When the organization started three years ago it knew its work “couldn’t be done in a vacuum,” she said.
“You can’t grow an ecosystem with one organization.”
They currently have more than 300 members and have just launched an ambitious plan to grow Canada’s share of the global plant-based market. That success and its future goals are due to the strength of their ecosystem, Stephenson said.
“When we started we focused on R&D,” she said. That built a strong foundation but they quickly learned they needed to create an ecosystem.
“It’s really about the willingness of our companies to step up and be innovative and, more importantly, to work together to accelerate that innovation. It’s them that make it possible. We’re here to support them.”
The plant-based industry is a relatively young one, Stephenson said.
“A young ecosystem just doesn’t operate the way a mature ecosystem does.

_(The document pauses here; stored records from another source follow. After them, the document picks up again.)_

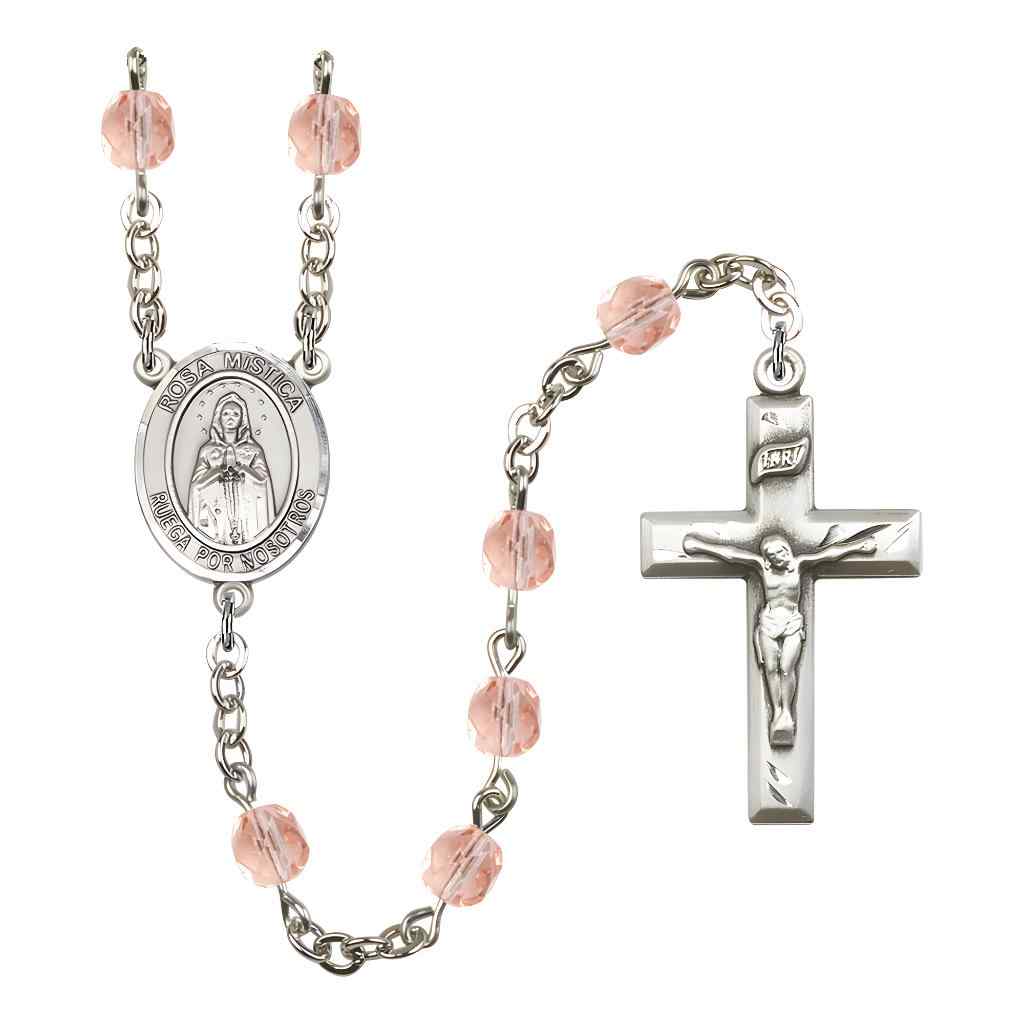 Spanish Rosa Mystica Rosary with 14kt Gold Traditional Crucifix and Centerpiece, Birthstone 6mm Austrian Crystal Pink Rose Beads for October
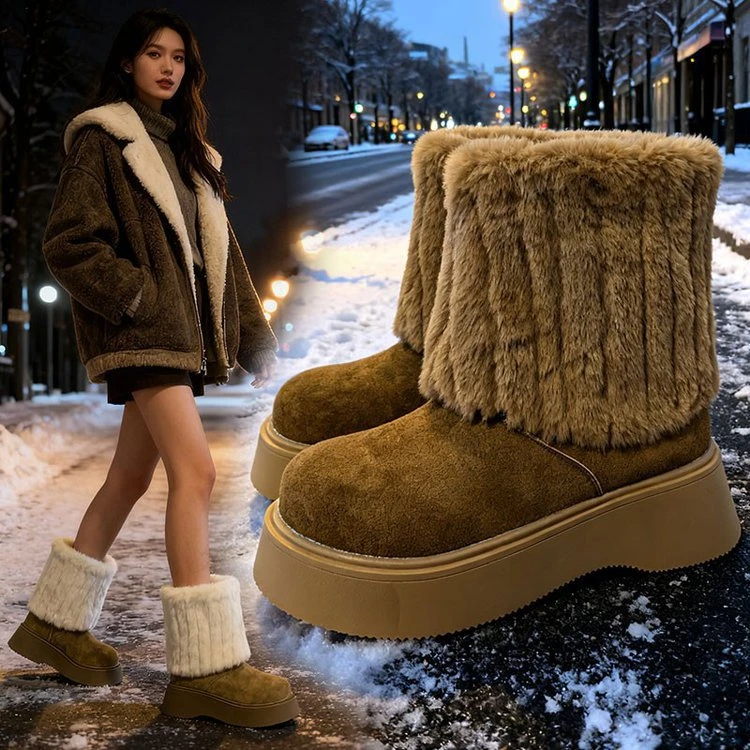 松糕厚底增高毛毛雪地靴女款2025新款秋冬加绒保暖短靴小个子棉鞋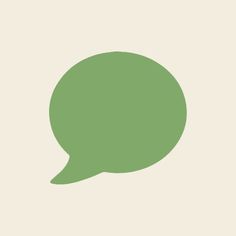 a green speech bubble on a beige background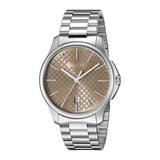 Gucci G Timeless Quartz Brown Dial Silver Steel Strap Watch for Men - YA126317 Authentic Buy Shop Now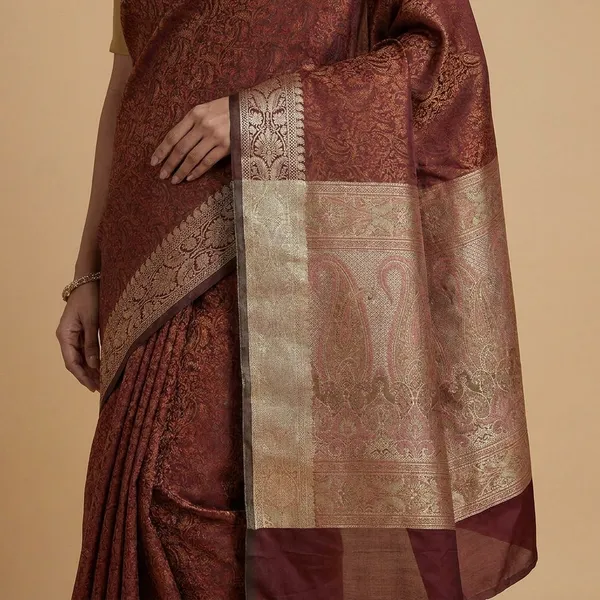 Brown_Silk_Saree_With_Zari_Border_For_Women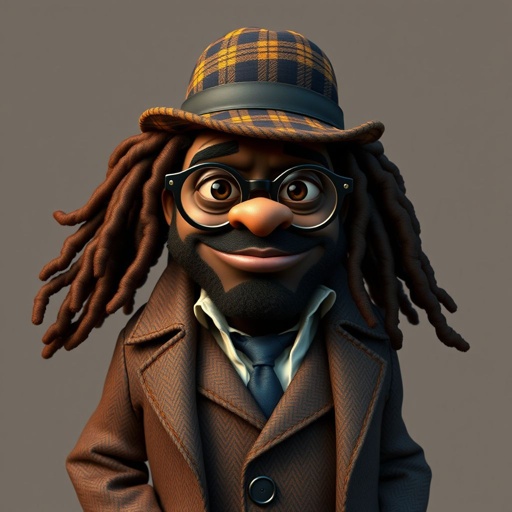 Create a funny serious fat character similar to Sherlock Holmes, but make him of black decent and with dread locks. Show his whole outfit including his shoes.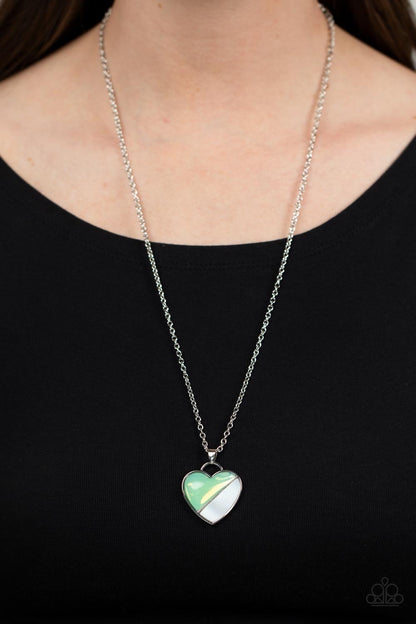 Nautical Romance - Green - Glassy Bead and White Shell Heart Necklace - Paparazzi Accessories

Those companies need a lot more support, not just financially.
“There are a lot of complexities that have to be examined when building an ecosystem.”
Simonson said they learned in building their ecosystem that they had to listen — a lot.
“What are they looking for? What are the objectives? The goals?
“We had to make sure we’re advancing the research but that we’re also meeting the needs of the companies as this industry is quickly evolving.”
These ecosystems are also exciting in that they offer a way to tackle larger scale problems, such as climate change, said May.
“This is what is going to get us across the line in solving some of these big challenges.”